BEGIN Dataset

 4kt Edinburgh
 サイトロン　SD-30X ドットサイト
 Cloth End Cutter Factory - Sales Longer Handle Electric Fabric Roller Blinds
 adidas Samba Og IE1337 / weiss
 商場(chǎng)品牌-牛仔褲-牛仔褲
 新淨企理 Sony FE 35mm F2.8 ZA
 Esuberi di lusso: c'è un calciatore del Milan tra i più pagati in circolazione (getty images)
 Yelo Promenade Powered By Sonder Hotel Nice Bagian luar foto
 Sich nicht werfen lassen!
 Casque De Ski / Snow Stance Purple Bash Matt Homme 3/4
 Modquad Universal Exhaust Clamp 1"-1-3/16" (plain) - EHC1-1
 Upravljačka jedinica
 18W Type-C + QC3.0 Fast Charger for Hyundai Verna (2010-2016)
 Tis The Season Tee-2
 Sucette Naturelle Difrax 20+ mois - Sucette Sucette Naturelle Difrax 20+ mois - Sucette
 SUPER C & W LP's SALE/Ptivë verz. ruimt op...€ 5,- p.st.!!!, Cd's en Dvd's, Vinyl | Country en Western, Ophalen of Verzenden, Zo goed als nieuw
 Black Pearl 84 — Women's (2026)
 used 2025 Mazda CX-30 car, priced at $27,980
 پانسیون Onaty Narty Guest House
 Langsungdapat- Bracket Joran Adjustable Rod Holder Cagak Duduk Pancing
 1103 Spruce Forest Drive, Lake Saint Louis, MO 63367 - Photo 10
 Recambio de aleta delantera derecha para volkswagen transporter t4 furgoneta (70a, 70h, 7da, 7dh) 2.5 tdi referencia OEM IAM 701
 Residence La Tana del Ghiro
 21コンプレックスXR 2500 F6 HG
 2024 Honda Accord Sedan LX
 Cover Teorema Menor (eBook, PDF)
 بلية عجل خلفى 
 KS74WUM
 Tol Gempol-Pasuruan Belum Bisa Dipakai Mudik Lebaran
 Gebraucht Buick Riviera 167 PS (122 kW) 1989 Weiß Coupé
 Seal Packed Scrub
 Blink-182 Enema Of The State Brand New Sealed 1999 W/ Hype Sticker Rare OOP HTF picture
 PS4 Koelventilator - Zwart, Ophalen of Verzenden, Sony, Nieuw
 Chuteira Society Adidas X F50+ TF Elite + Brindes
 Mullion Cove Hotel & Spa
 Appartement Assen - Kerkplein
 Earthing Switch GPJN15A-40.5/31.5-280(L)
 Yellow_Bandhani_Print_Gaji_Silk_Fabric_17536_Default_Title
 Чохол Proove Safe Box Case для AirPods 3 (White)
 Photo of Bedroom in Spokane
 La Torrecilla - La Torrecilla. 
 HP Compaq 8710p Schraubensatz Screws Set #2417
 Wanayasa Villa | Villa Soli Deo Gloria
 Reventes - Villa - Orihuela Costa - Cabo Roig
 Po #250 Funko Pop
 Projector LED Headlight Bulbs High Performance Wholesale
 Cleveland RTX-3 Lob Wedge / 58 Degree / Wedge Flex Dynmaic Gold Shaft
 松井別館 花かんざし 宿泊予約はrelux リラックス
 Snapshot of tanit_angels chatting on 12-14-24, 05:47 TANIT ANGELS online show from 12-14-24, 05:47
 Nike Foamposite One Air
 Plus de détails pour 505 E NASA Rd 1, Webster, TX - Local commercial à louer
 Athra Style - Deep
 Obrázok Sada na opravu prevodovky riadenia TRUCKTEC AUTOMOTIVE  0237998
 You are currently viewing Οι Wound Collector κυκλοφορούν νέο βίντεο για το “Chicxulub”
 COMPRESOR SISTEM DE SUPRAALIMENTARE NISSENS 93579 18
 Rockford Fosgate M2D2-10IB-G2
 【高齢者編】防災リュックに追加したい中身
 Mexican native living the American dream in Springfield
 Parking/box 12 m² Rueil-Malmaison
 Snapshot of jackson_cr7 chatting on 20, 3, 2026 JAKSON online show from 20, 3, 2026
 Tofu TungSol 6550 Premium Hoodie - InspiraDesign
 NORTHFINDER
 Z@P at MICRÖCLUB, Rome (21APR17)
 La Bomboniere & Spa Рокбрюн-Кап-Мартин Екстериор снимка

END Dataset

▸ **Requirement**: The whole of the material above needs to be copied exactly.

▸ **Task answer**:
 4kt Edinburgh
 サイトロン　SD-30X ドットサイト
 Cloth End Cutter Factory - Sales Longer Handle Electric Fabric Roller Blinds
 adidas Samba Og IE1337 / weiss
 商場(chǎng)品牌-牛仔褲-牛仔褲
 新淨企理 Sony FE 35mm F2.8 ZA
 Esuberi di lusso: c'è un calciatore del Milan tra i più pagati in circolazione (getty images)
 Yelo Promenade Powered By Sonder Hotel Nice Bagian luar foto
 Sich nicht werfen lassen!
 Casque De Ski / Snow Stance Purple Bash Matt Homme 3/4
 Modquad Universal Exhaust Clamp 1"-1-3/16" (plain) - EHC1-1
 Upravljačka jedinica
 18W Type-C + QC3.0 Fast Charger for Hyundai Verna (2010-2016)
 Tis The Season Tee-2
 Sucette Naturelle Difrax 20+ mois - Sucette Sucette Naturelle Difrax 20+ mois - Sucette
 SUPER C & W LP's SALE/Ptivë verz. ruimt op...€ 5,- p.st.!!!, Cd's en Dvd's, Vinyl | Country en Western, Ophalen of Verzenden, Zo goed als nieuw
 Black Pearl 84 — Women's (2026)
 used 2025 Mazda CX-30 car, priced at $27,980
 پانسیون Onaty Narty Guest House
 Langsungdapat- Bracket Joran Adjustable Rod Holder Cagak Duduk Pancing
 1103 Spruce Forest Drive, Lake Saint Louis, MO 63367 - Photo 10
 Recambio de aleta delantera derecha para volkswagen transporter t4 furgoneta (70a, 70h, 7da, 7dh) 2.5 tdi referencia OEM IAM 701
 Residence La Tana del Ghiro
 21コンプレックスXR 2500 F6 HG
 2024 Honda Accord Sedan LX
 Cover Teorema Menor (eBook, PDF)
 بلية عجل خلفى 
 KS74WUM
 Tol Gempol-Pasuruan Belum Bisa Dipakai Mudik Lebaran
 Gebraucht Buick Riviera 167 PS (122 kW) 1989 Weiß Coupé
 Seal Packed Scrub
 Blink-182 Enema Of The State Brand New Sealed 1999 W/ Hype Sticker Rare OOP HTF picture
 PS4 Koelventilator - Zwart, Ophalen of Verzenden, Sony, Nieuw
 Chuteira Society Adidas X F50+ TF Elite + Brindes
 Mullion Cove Hotel & Spa
 Appartement Assen - Kerkplein
 Earthing Switch GPJN15A-40.5/31.5-280(L)
 Yellow_Bandhani_Print_Gaji_Silk_Fabric_17536_Default_Title
 Чохол Proove Safe Box Case для AirPods 3 (White)
 Photo of Bedroom in Spokane
 La Torrecilla - La Torrecilla. 
 HP Compaq 8710p Schraubensatz Screws Set #2417
 Wanayasa Villa | Villa Soli Deo Gloria
 Reventes - Villa - Orihuela Costa - Cabo Roig
 Po #250 Funko Pop
 Projector LED Headlight Bulbs High Performance Wholesale
 Cleveland RTX-3 Lob Wedge / 58 Degree / Wedge Flex Dynmaic Gold Shaft
 松井別館 花かんざし 宿泊予約はrelux リラックス
 Snapshot of tanit_angels chatting on 12-14-24, 05:47 TANIT ANGELS online show from 12-14-24, 05:47
 Nike Foamposite One Air
 Plus de détails pour 505 E NASA Rd 1, Webster, TX - Local commercial à louer
 Athra Style - Deep
 Obrázok Sada na opravu prevodovky riadenia TRUCKTEC AUTOMOTIVE  0237998
 You are currently viewing Οι Wound Collector κυκλοφορούν νέο βίντεο για το “Chicxulub”
 COMPRESOR SISTEM DE SUPRAALIMENTARE NISSENS 93579 18
 Rockford Fosgate M2D2-10IB-G2
 【高齢者編】防災リュックに追加したい中身
 Mexican native living the American dream in Springfield
 Parking/box 12 m² Rueil-Malmaison
 Snapshot of jackson_cr7 chatting on 20, 3, 2026 JAKSON online show from 20, 3, 2026
 Tofu TungSol 6550 Premium Hoodie - InspiraDesign
 NORTHFINDER
 Z@P at MICRÖCLUB, Rome (21APR17)
 La Bomboniere & Spa Рокбрюн-Кап-Мартин Екстериор снимка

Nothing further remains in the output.